◆ **To do**
From the line containing "Quiet Bedroom, Comfy" through the last line below, copy every line exactly, leaving out the pictures.

◆ **Data block**
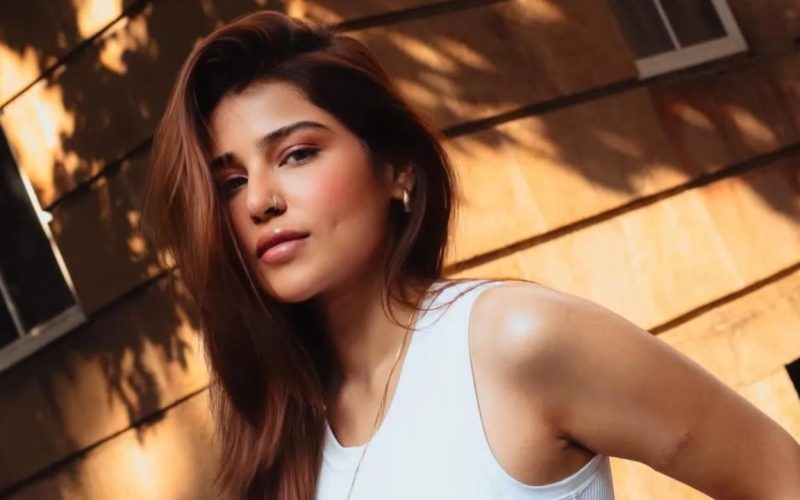 Edin Rose in Rajini Film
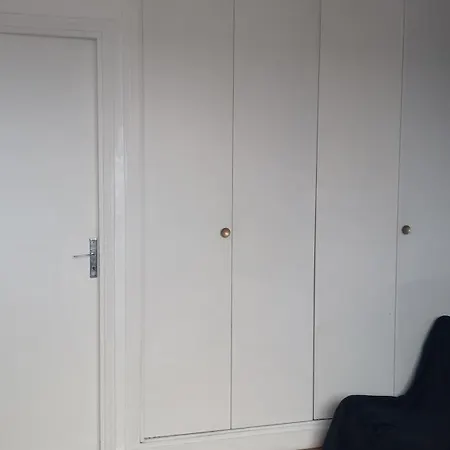 Quiet Bedroom, Comfy King Size Bed, Shared Bathroom, Center Paris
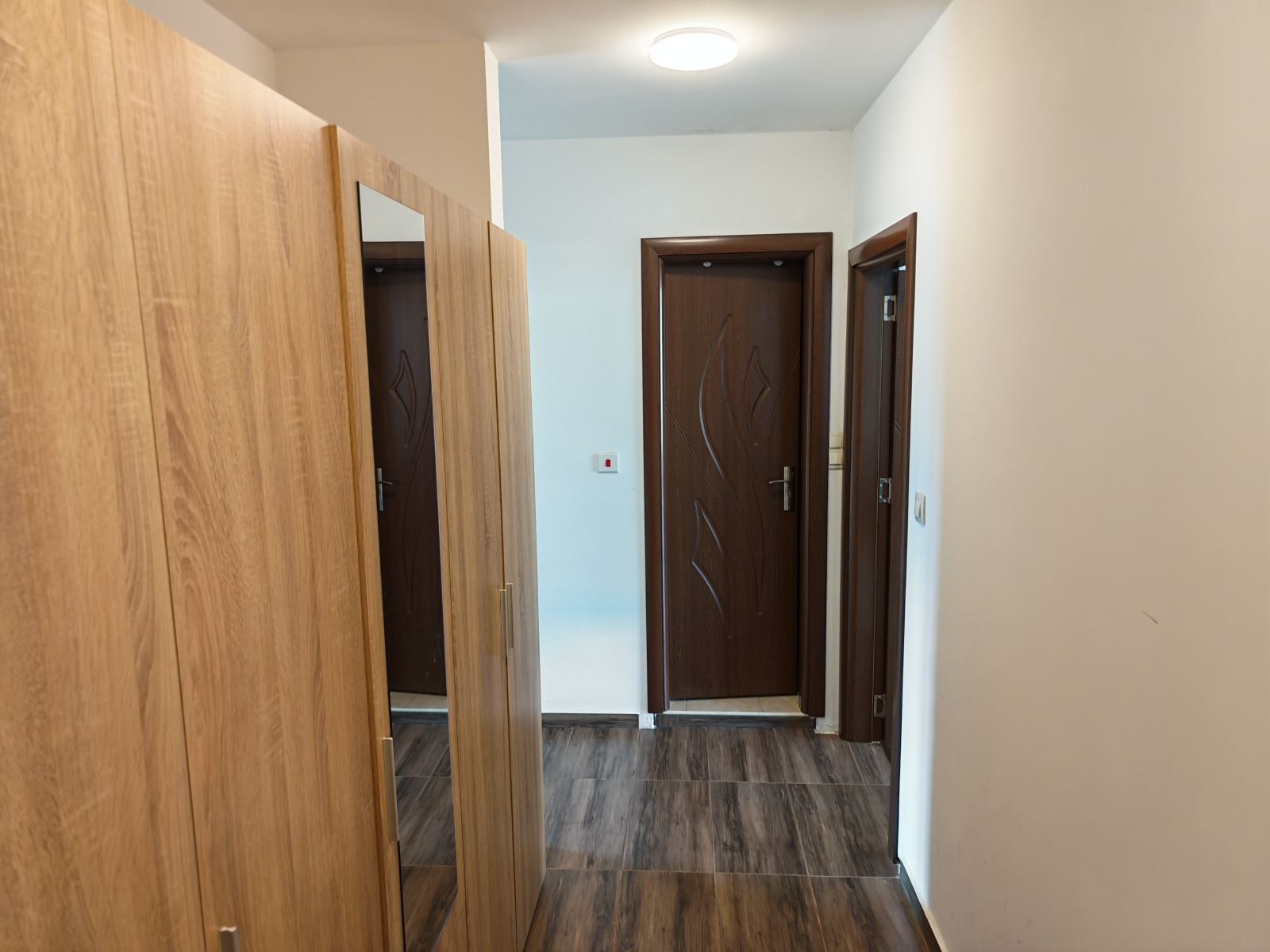 Дава под наем 3-СТАЕН, гр. София, Дианабад, снимка 8 - Апартаменти - 55184854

◆ **Result**
 Quiet Bedroom, Comfy King Size Bed, Shared Bathroom, Center Paris
 Дава под наем 3-СТАЕН, гр. София, Дианабад, снимка 8 - Апартаменти - 55184854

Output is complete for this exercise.